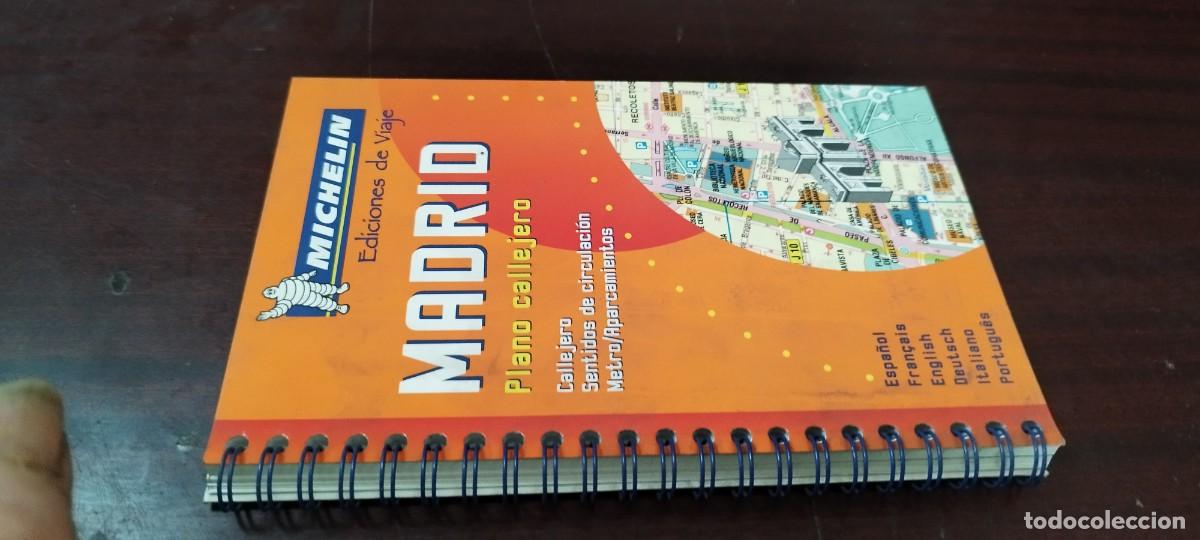 Libros de segunda mano: PLANO CALLEJERO MADRID / PU-B&Ntilde;-2 / MICHELIN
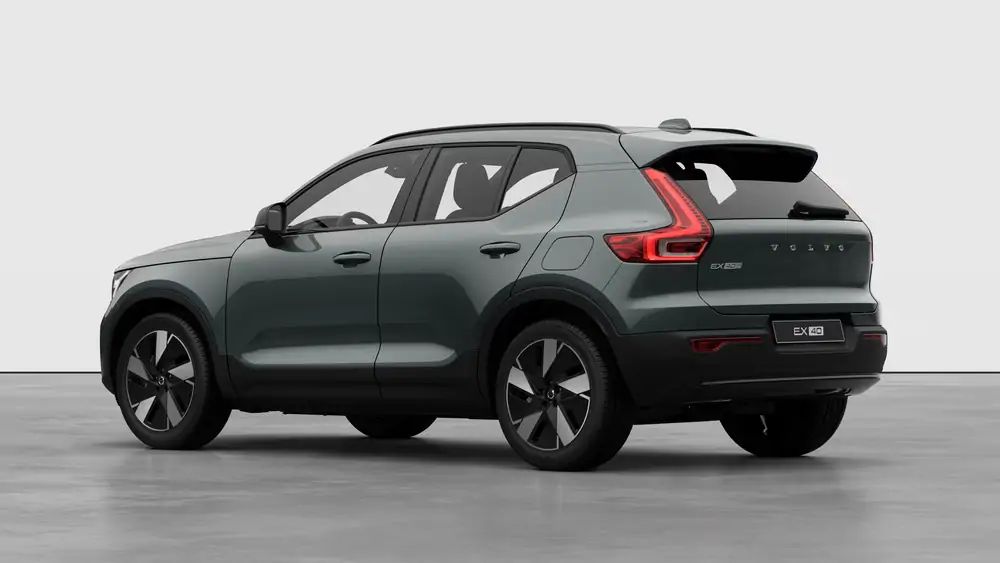 Nouveau volvo EX40 SUV Plus Lounge Edition Électrique 2 roues motrices (Propulsion) Forest Lake 2
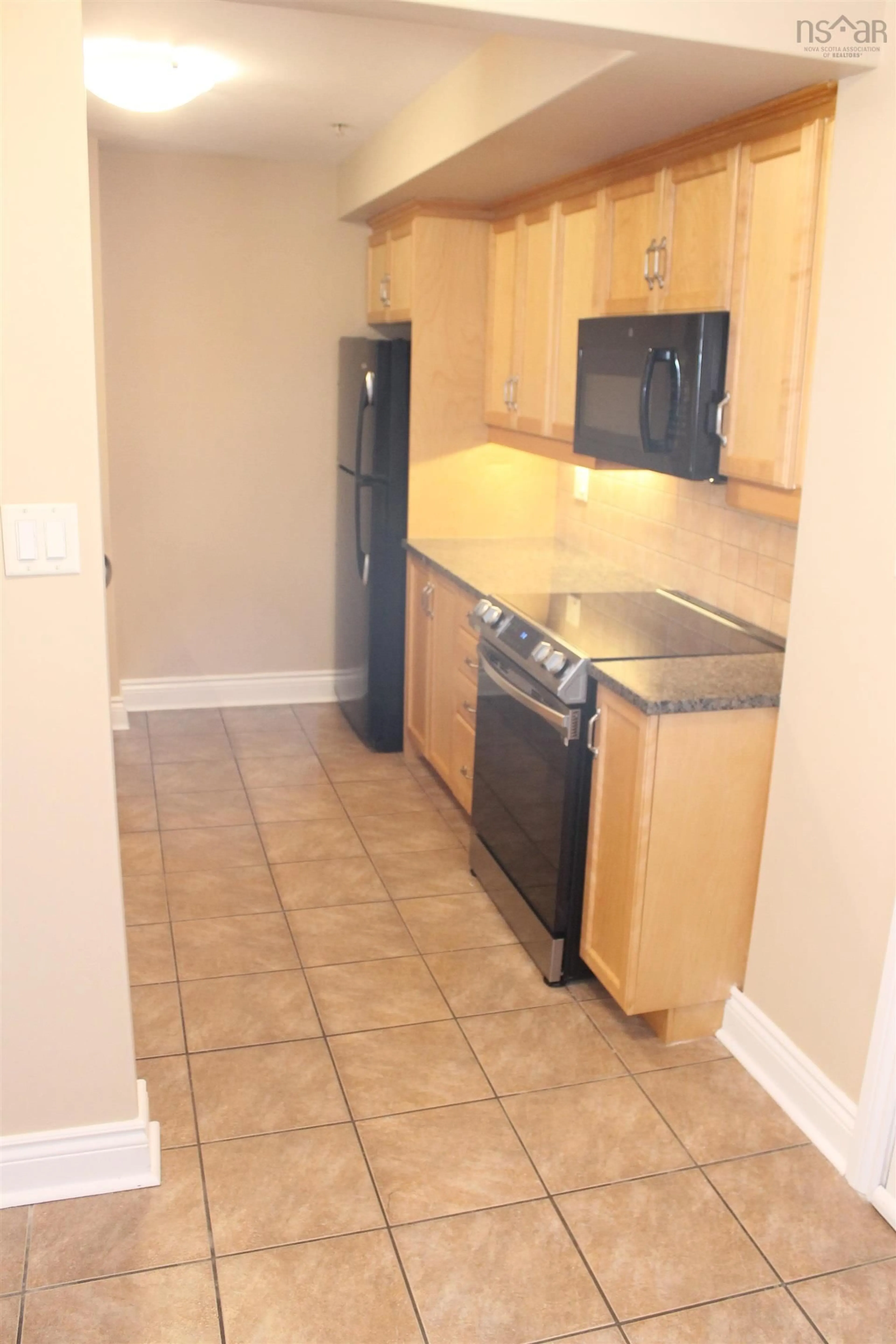 Standard kitchen, ceramic/tile floor for 5234 Morris St #103, Halifax Regional Municipality Nova Scotia B3J 0A3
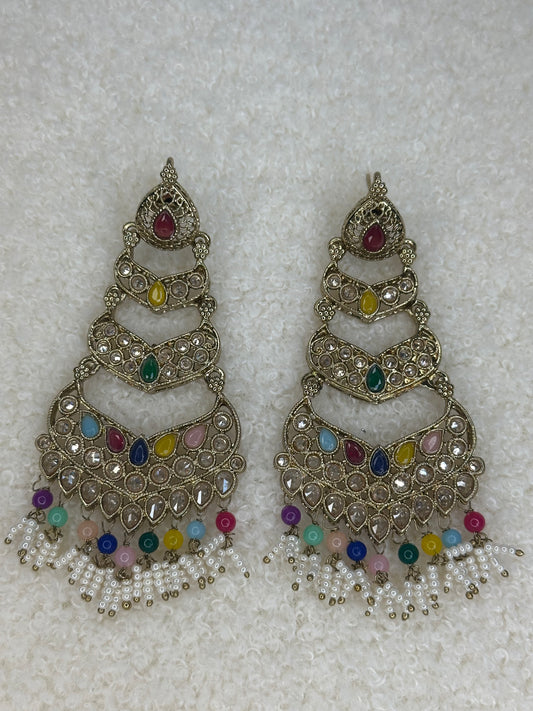 Aittia Multi Statement Earrings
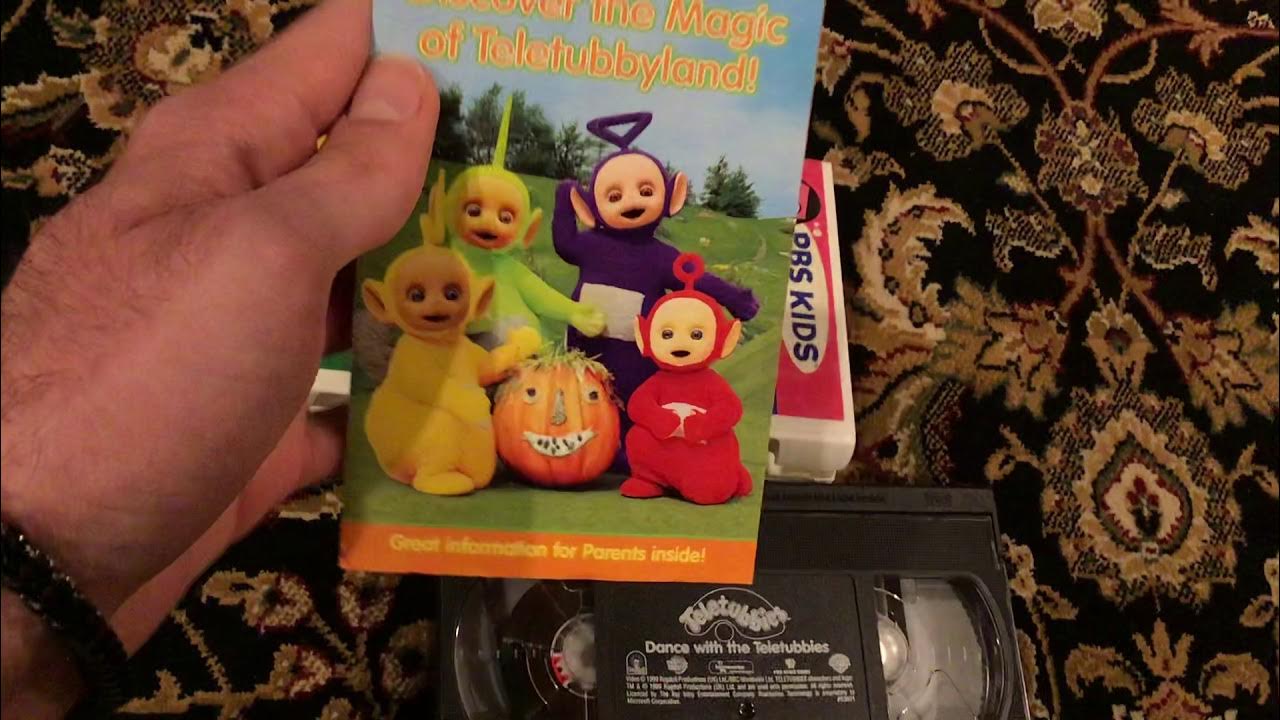 My Completed Teletubbies VHS Collection (2021 Edition) YouTube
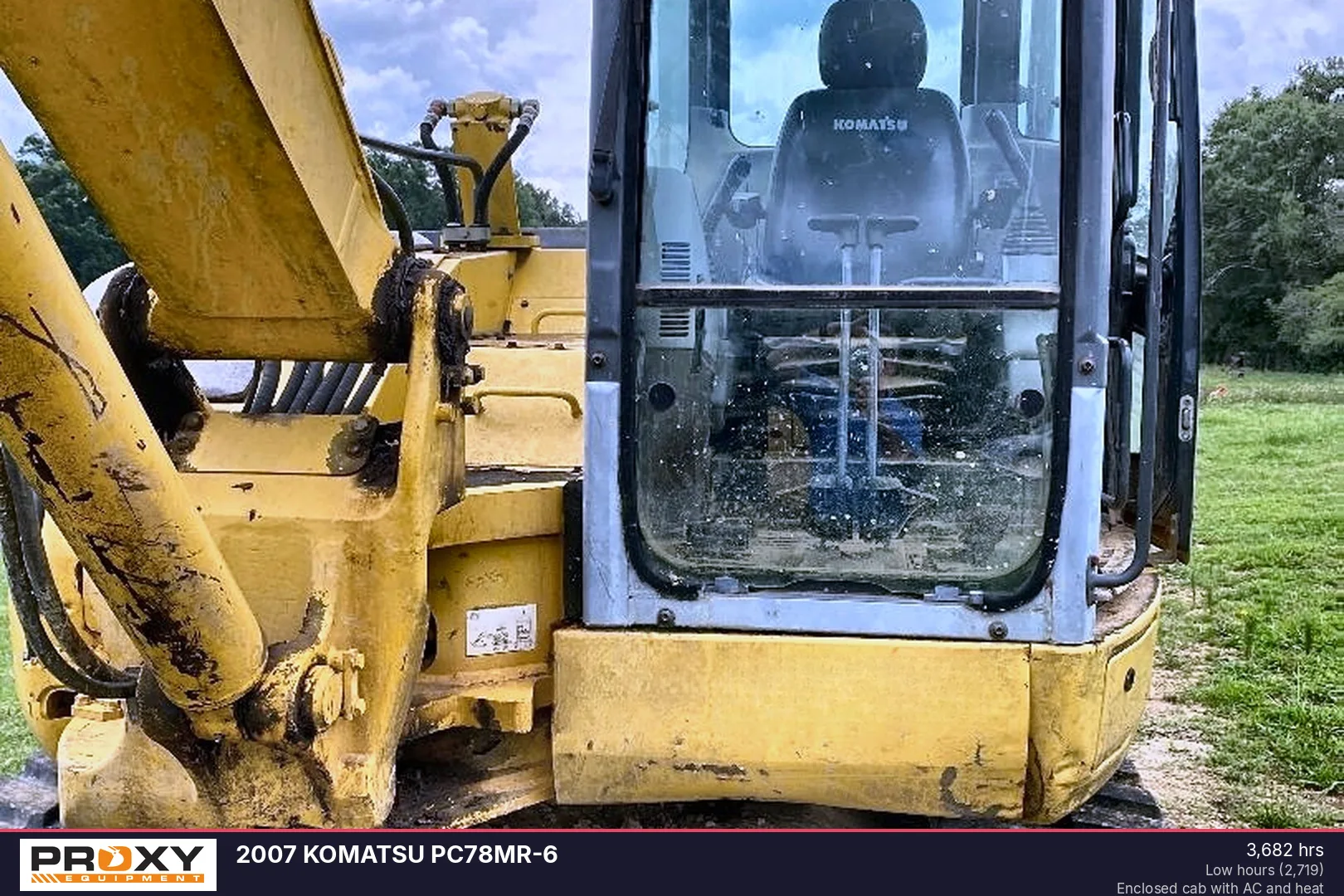 2007 KOMATSU PC78MR-6 - view 2 of 22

※

# [What the task asks]
Starting with the line that contains "My Completed Teletubbies", reproduce every line down to the end of the listing above, both endpoints included. Pictures stay out.

# [Your response]
 My Completed Teletubbies VHS Collection (2021 Edition) YouTube
 2007 KOMATSU PC78MR-6 - view 2 of 22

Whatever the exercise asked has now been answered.